TOON v3's tabular form (key[N]{fields}:) is the format's strongest compression mechanism, but it only applies when every column value is a JSON primitive. As soon as one field in the row objects is itself a uniform nested object, detection fails and the entire array falls back to expanded list form (§9.4), repeating every key name N times.

Real-world payloads from APIs, event logs, and catalogue data very often have this shape: a flat list of records where one or two fields group related attributes. Today:

orders[2]:
  - id: 1
    customer:
      name: Alice
      country: DK
    total: 99
  - id: 2
    customer:
      name: Bob
      country: UK
    total: 149

Every key in customer repeats N times; the list-item markers add further overhead. The shape is already uniform — the format just has no way to declare it.

Benefits

Measured against the reference TypeScript implementation on 7 datasets, including a uniform-nested dataset of 500 shipment records with sender/receiver/dimensions sub-objects:

Dataset TOON v3 TOON + nested JSON compact Δ vs TOON Δ vs JSON
uniform-nested 58,701 27,111 46,697 −53.8% −41.9%
nested-config 620 591 558 −4.7%
tabular (no nesting) 49,919 49,919 79,059 0% −36.9%

For data without nested objects the output is byte-identical to TOON v3; the feature has zero overhead when it does not apply.

Detailed Design

Proposed Syntax

orders[2]{id,customer{name,country},total}:
  1,Alice,DK,99
  2,Bob,UK,149

The header nests one or more field groups inside {...}; row lines are unchanged in shape — plain delimiter-separated primitives at depth +1.

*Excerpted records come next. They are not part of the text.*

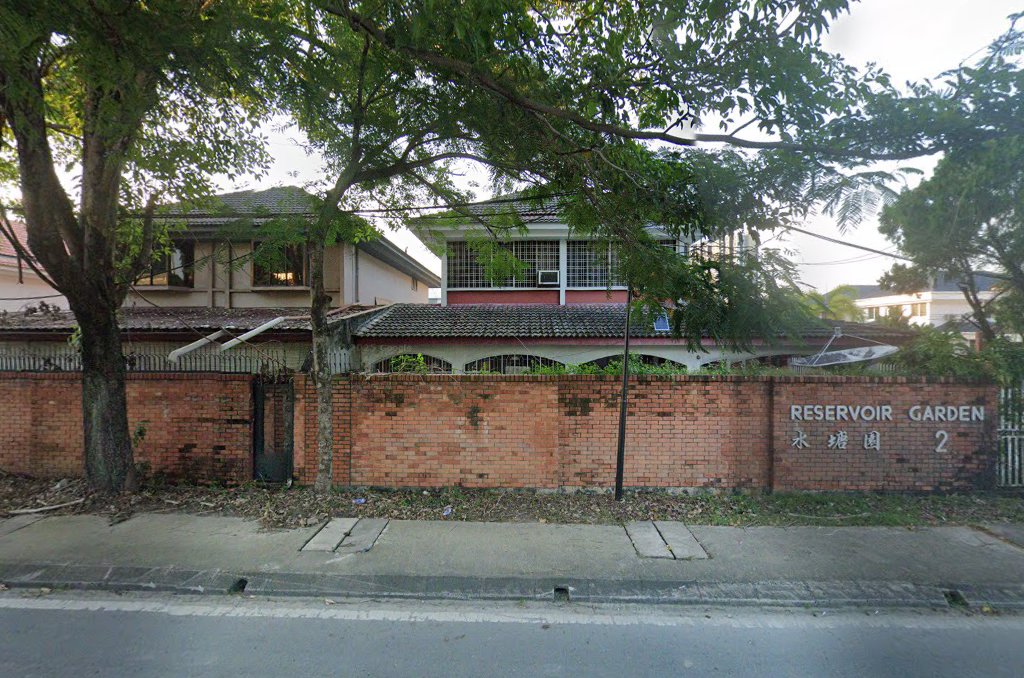 Home Based Tuition — photo 3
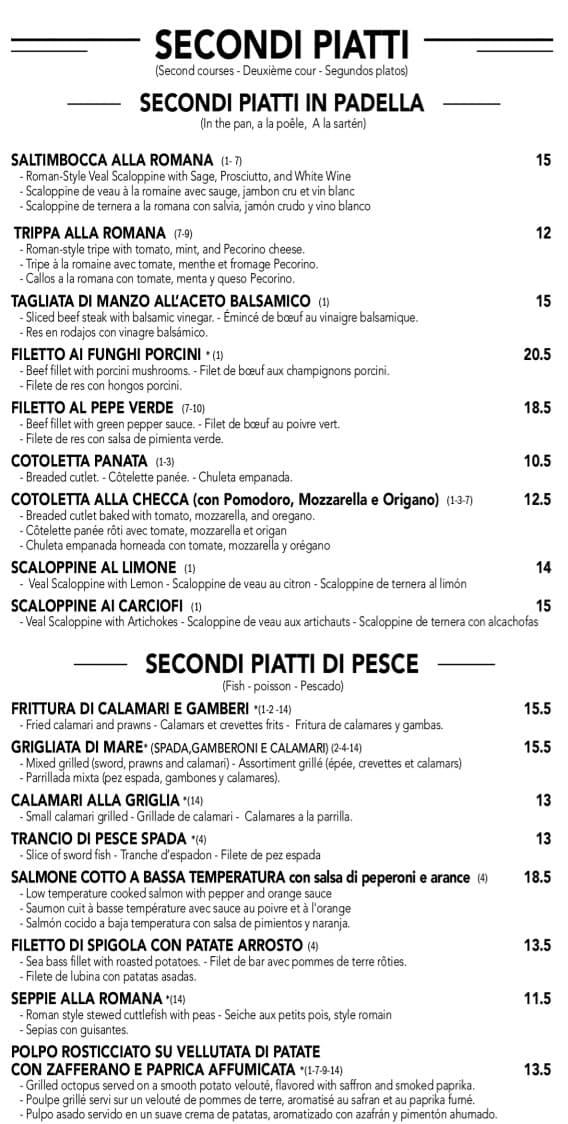 Menu image 5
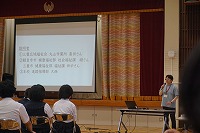 DSC06462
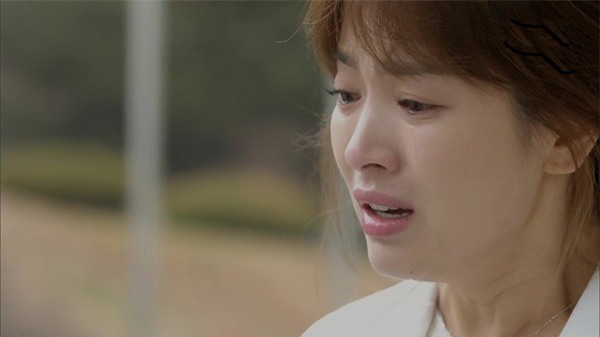 Chết đứng khi phát hiện bí mật đằng sau chiếc nhẫn cưới chồng đeo hàng ngày - Ảnh 1.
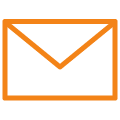 Email-Action-Unread--Streamline-Ultimate
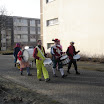 DSC00887.JPG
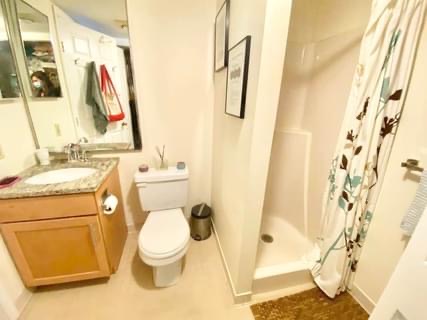 340 Franklin St, Central Square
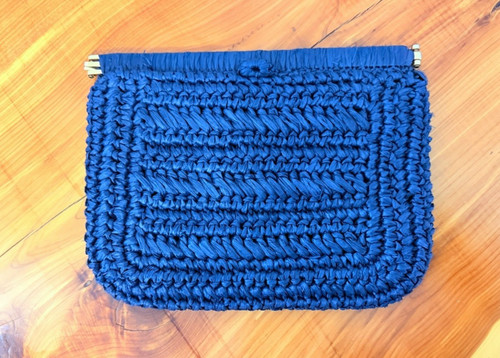 Pochette donna fashion - pochette,
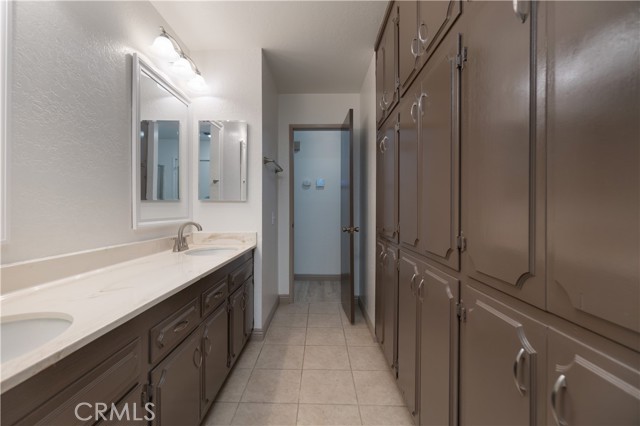 Detail Gallery Image 25 of 48 For 8140 Weirick Rd, Corona,  CA 92883 - 4 Beds | 2 Baths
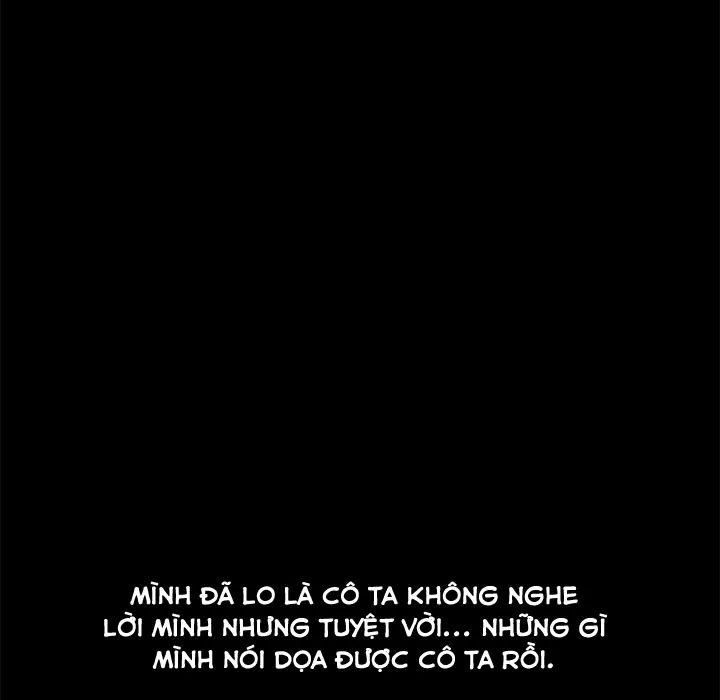 chapter-13-92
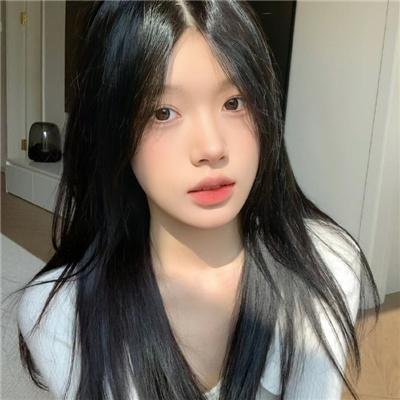 我们的每一天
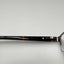 Steven Tyler Eyeglasses Eye Glasses Frames ST400 Gunmetal Aerosmith 52-19-140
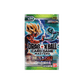 Dragon Ball Super Card Game Masters - Beyond Generations Zenkai Series Ex Set 07 B24 Display [EN]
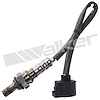 O2 SENSOR - image 1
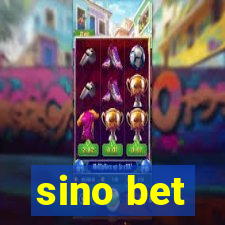 sino bet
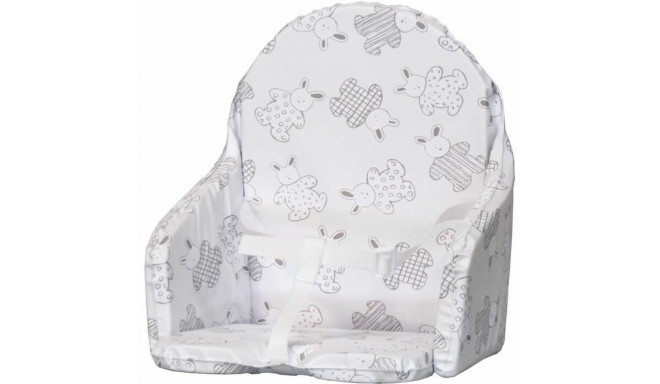 Toolipadi Bambisol Hall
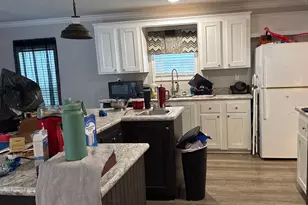 231 Rochelle St, Jesup, GA 31546 - Photo 11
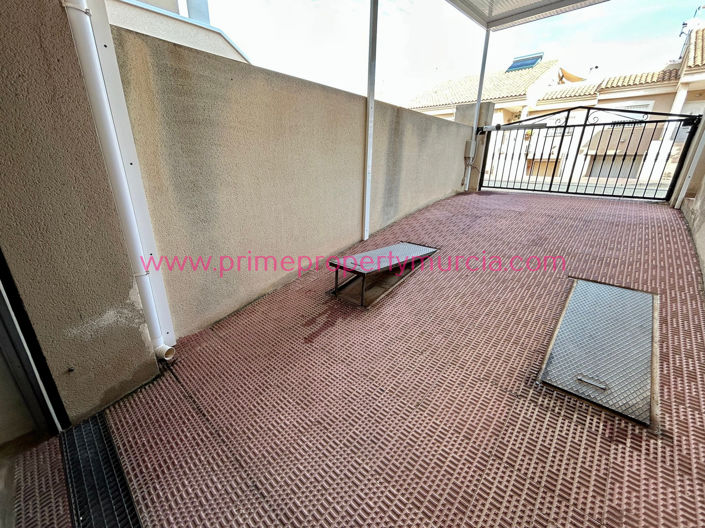 Image No.32-3 Bed Property for sale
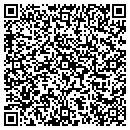 QR code with Fusion Remarketing contacts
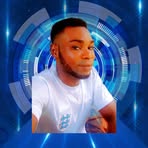Nicholas Tetteh - Facebook
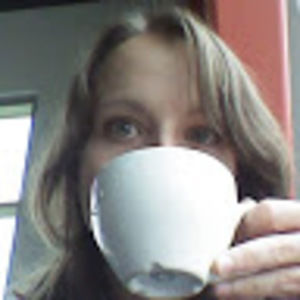 Meet your Posher, Lorinda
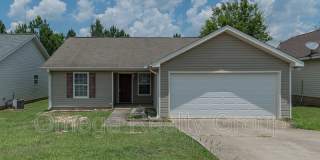 3550 Crescent Gardens Dr Gallery 1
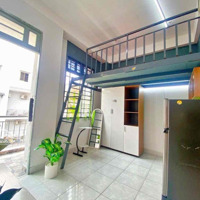 Mới!! Duplex Tân Bình Ở Ngay‼️-Tân Sơn Hòa~ Gần Chợ Phạm Văn Hai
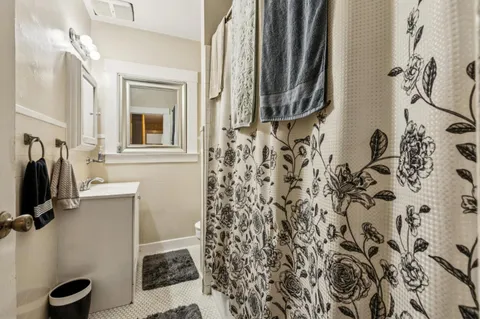 $1,999,000 | 228 State Street, San Mateo, CA 94401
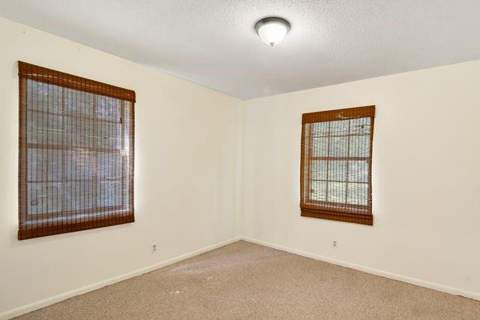 134 Dark Creek Lane, Brunswick GA - photo 19 of 28
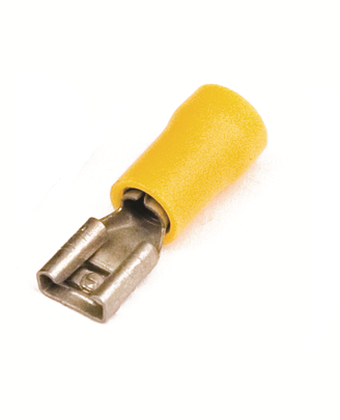 https://tedi24.pro/itcmedia/images/20190405/2C01P_DKCZAO_1.png Image Description for https://tedi24.pro/itcmedia/images/20190405/2C01P_DKCZAO_1.png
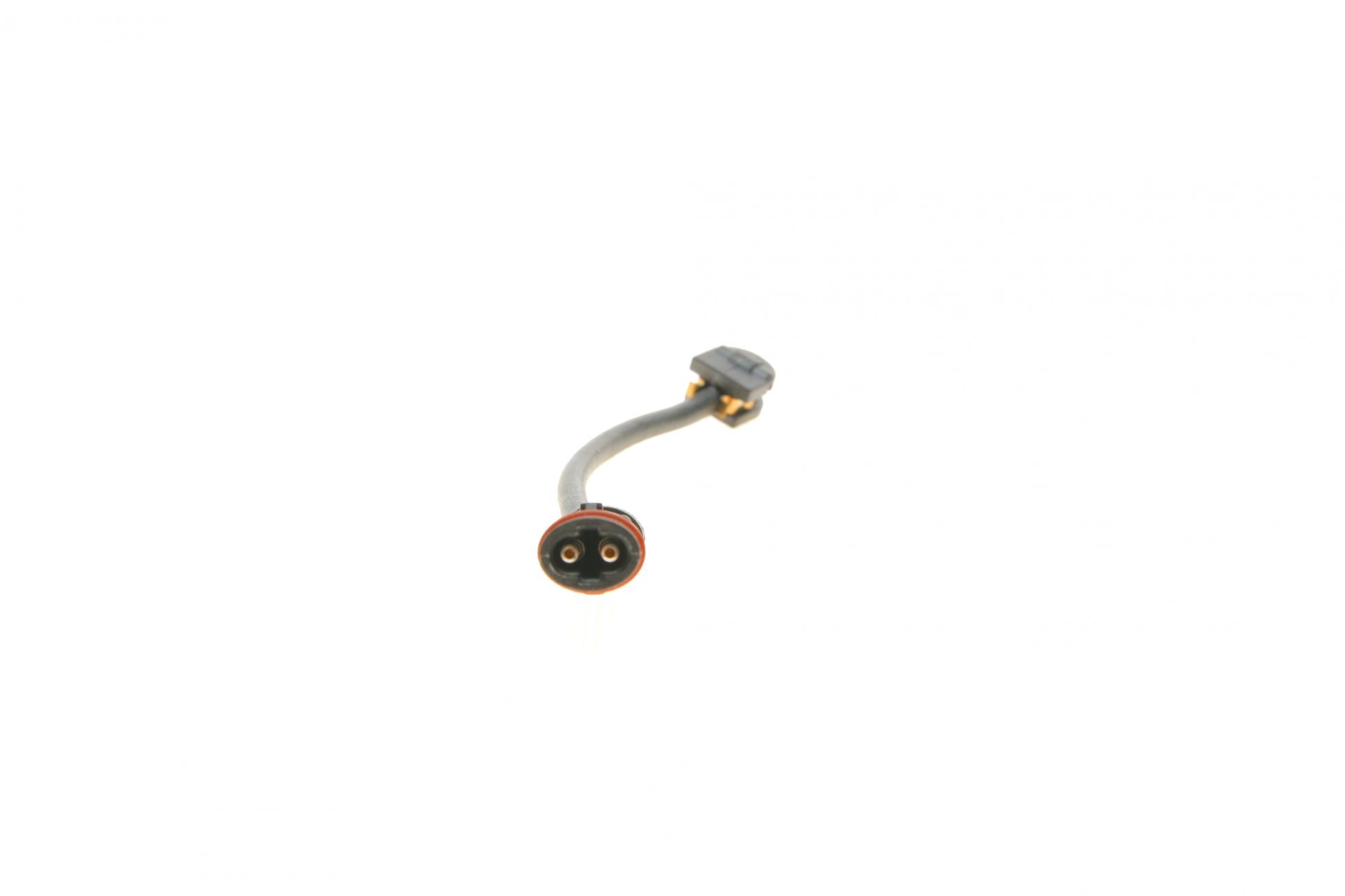 1987473586 BOSCH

Grammar Changes (§6 Header Syntax)

Generalise the fields-seg / fieldname productions so field entries may themselves contain a nested field group:

fields-seg    = "{" field-entry *( delim field-entry ) "}"
field-entry   = fieldname [ fields-seg ]
fieldname     = key

All other header rules (bracket segment, delimiter selection, trailing colon, §7.3 key encoding) are unchanged. The delimiter in a nested fields-seg MUST be the same active delimiter as the enclosing bracket segment, matching the existing rule for flat field lists.

Encoding Rules (§9.3)

Extend tabular detection. An array of objects is eligible for tabular encoding when, for every top-level field of the row objects, either:

  • a. Every row has a primitive at that key (existing rule), or
  • b. Every row has a nested-uniform object at that key, where nested-uniform is defined recursively as: non-empty, same set of keys in every row, and each value at each key is itself either a primitive or nested-uniform.

When satisfied:

  • The header lists top-level fields in first-row encounter order. Fields matching rule (a) are emitted as a bare fieldname; fields matching rule (b) are emitted as fieldname{...subfields...}, applying the same rules recursively.
  • Row values are written as a single delimiter-separated line at depth +1. Values are laid out by a depth-first, pre-order walk of the header descriptors (left-to-right, nested groups expanded in place). The flattened arity of each row MUST equal the total number of leaf fields in the header.
  • If any field fails both (a) and (b), encoders MUST fall back to the expanded list form (§9.4) for the entire array, exactly as today.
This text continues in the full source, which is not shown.